Antiques Roadshow is known for giving guests something to exclaim “hallelujah” about. This guest’s experience was no different. This guest went from forgotten possessions to a life-changing price tag.
Antiques Roadshow Gets The Background
The guest on this episode of Antiques Roadshow shared her brooches with Peter Shemonsky. Peter Shemonsky evaluated a pair of silver brooches. The guest revealed that they had been a forgotten possession, tucked away in a drawer for years.
The owner went on to tell him about the interesting history of the items, her family and their deep ties to the Cranbrook school campus. The guest went on the explain that Harry Bertoia had crafted the brooches for her and her sisters. She said that the brooches “were some of the very first that he made.” She went on to tell us that her two sisters had worked in the Cranbrook dorms that he lived in.
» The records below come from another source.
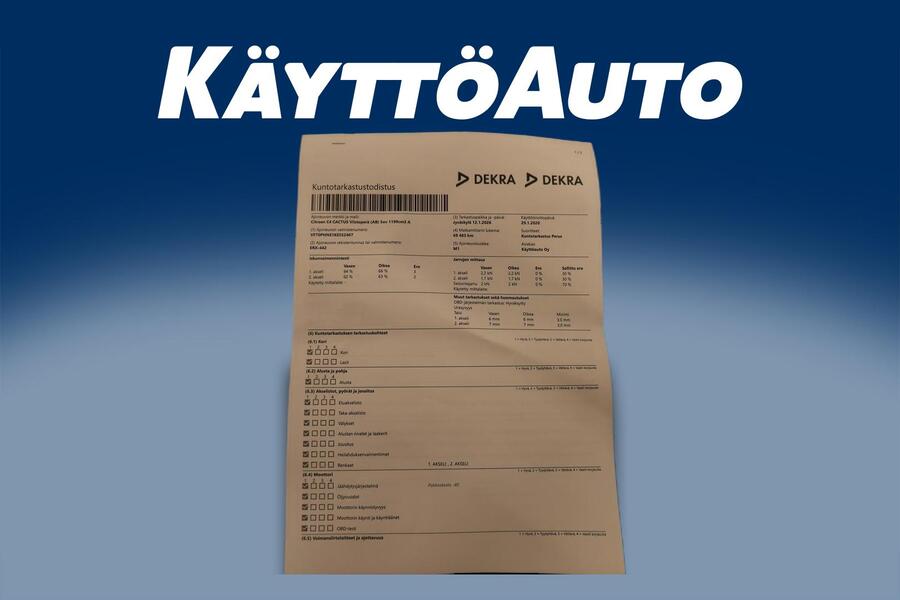 Citroën C4 Cactus vaihtoauto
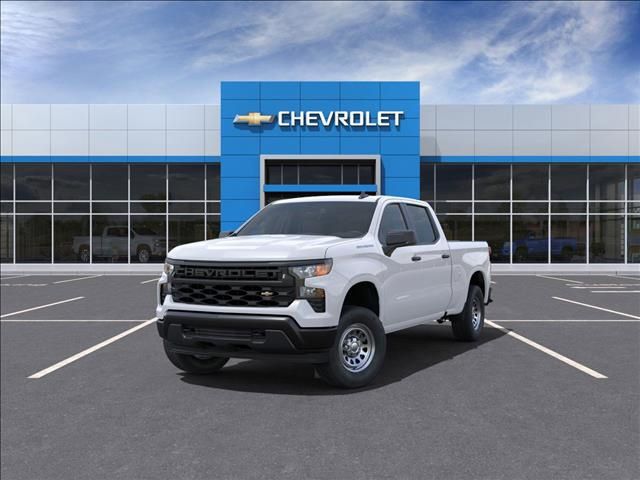 2024 Chevrolet Silverado 1500 WT 8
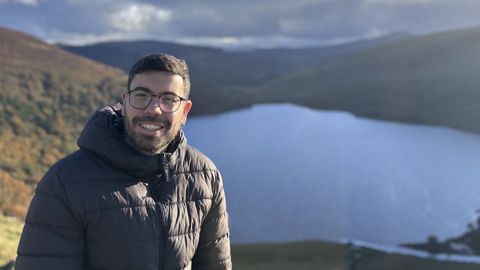 Alejandro Mesa, de 31 aos, ha dado clases en Espaa, Japn e Irlanda.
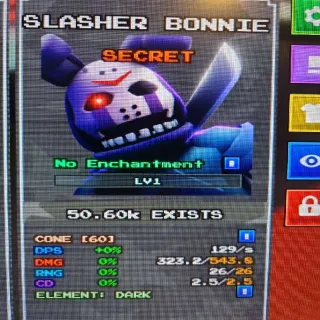 Slasher Bonnie FNTD2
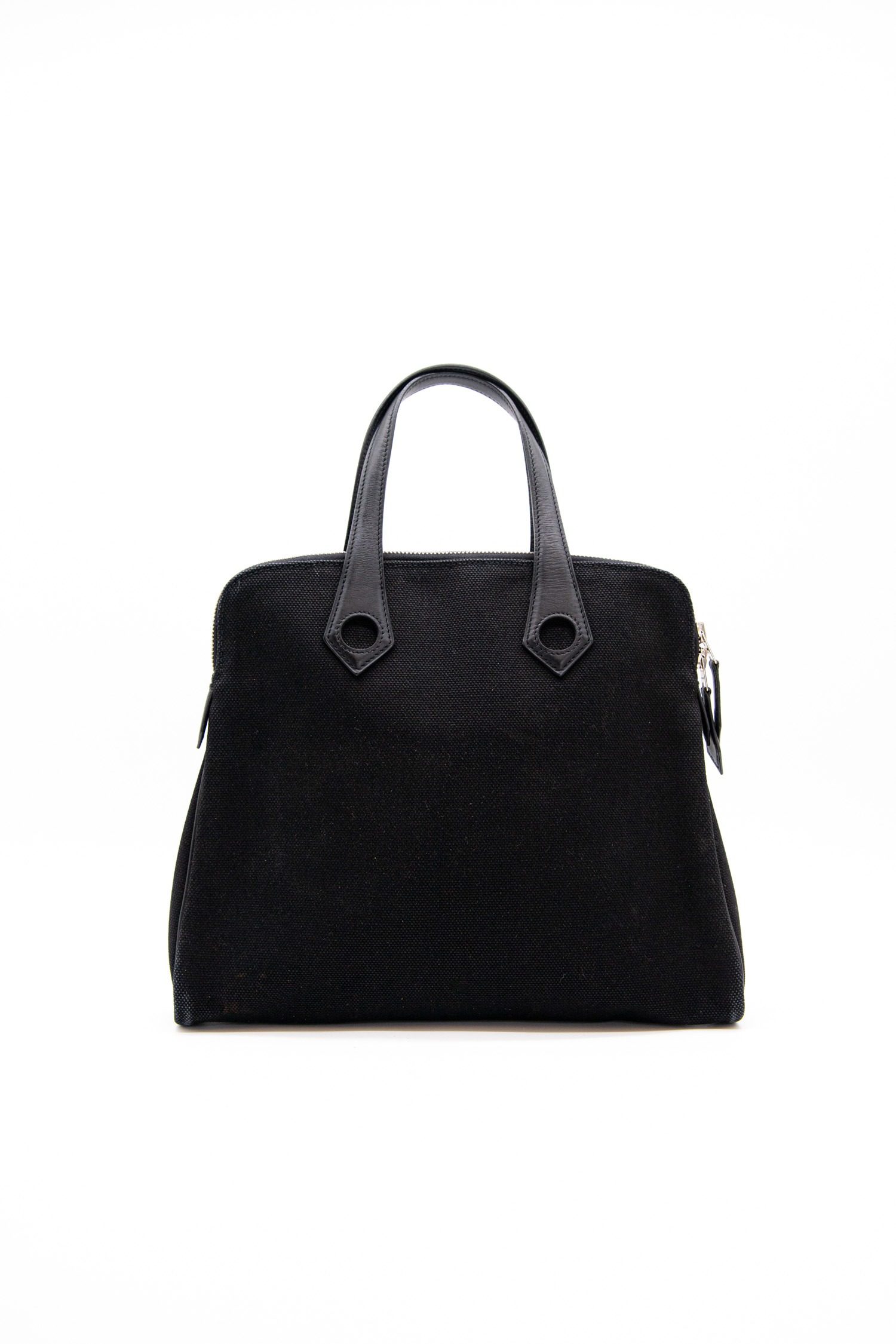 Thumbnail of http://Hermès%20Vintage%20Handtasche%20in%20Schwarz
Harry Bertoia made one for her sisters and one for her. “He gave her one and then he knew that she had two sisters so three of us got the brooches and I have those too.”
The owner of the brooches went on to tell Peter the history of Cranbrook and her familial ties to the campus. “Mr Booth owned Cranbrook, when he first married Ellen Scripps, they lived in Detroit.” They went on to move to Bloomfield and buy Cranbrook, where they built their home. ” It was a dairy farm when he first bought it and then he had to have it landscaped and that’s when my dad went to work for him.” Antiques Roadshow’s guest’s family went on to be known as the “second family of Cranbrook.”
Who Is Bertoia?
Harry Bertoia was born in 1915. He immigrated to the United States when he was 15 years old. Bertoia attended a Detroit school where he perfected his craft, metalsmithing. In 1937 he was offered a scholarship to attend the prestigious Cranbrook. There he quickly set up his metal studio. Shemonsky added, “When we look at the work he made, everything is handmade. There’s no solder, everything is done either by rivets or pins or tension fitting.”
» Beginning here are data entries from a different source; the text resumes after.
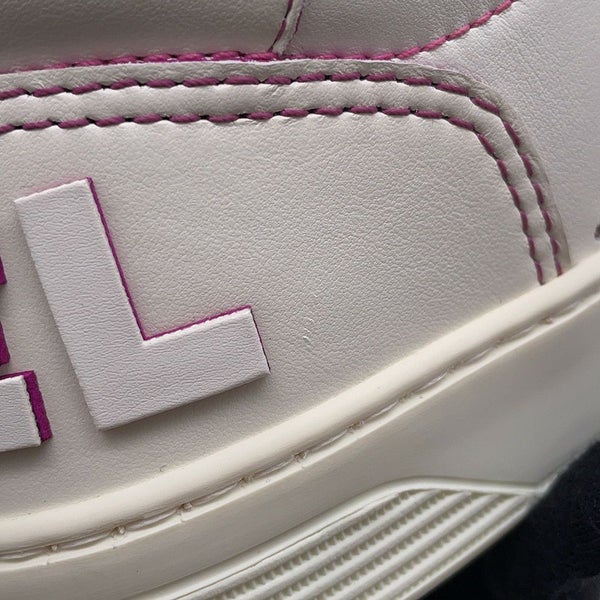 シャネル スニーカー ココマーク ロゴ レザー G35934 レディースサイズ38 CHANEL 靴 白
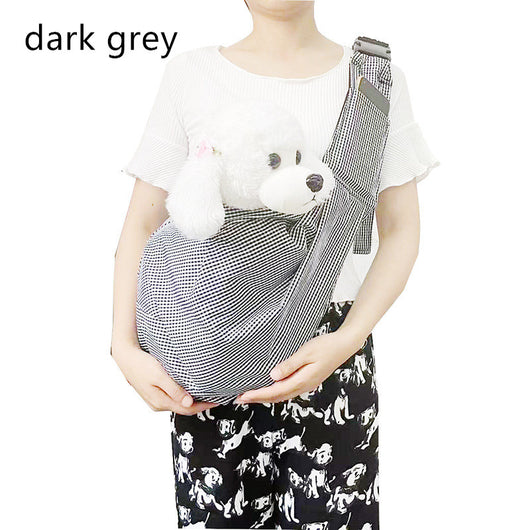 Bolsa Bandolera Portátil para Mascotas - Plegable y Cómoda - Image 11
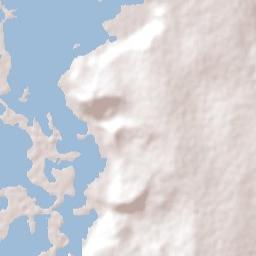Chibuto Terrain Map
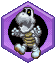 The Dry Bones sprite from Mario Party DS.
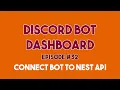 Discord Bot Dashboard - Connecting Discord Bot with NestJS API using WebSocket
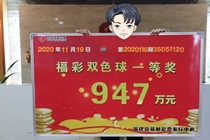 泉州大叔机选摘得双色球947万大奖：误把报喜电话当玩笑
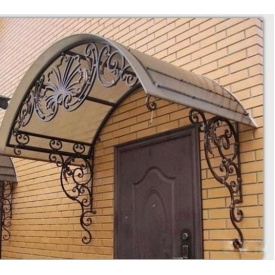 Козирок кований металевий Legran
It turns out that the Antiques Roadshow guest’s brooches were “very early.” Peter went on to tell her that “He only made jewelry for a few years before going into other areas.”
Antiques Roadshow’s “Hallelujah”
The guest was given a pleasing evaluation of her brooches. Peter concluded, “If these were to come up in an auction house that has maybe modernist furniture, Bertoia’s sculpture, these as an addition to a Bertoia collection, each of these pieces alone would bring somewhere between $20,000 and $30,000.”
To this the Antiques Roadshow guest exclaimed “Well hallelujah, it was worth the trip. It was so nice meeting you Peter.” Needless to say, her forgotten possession was quite the surprise waiting for her. She went on the say she was excited to tell family and go celebrate.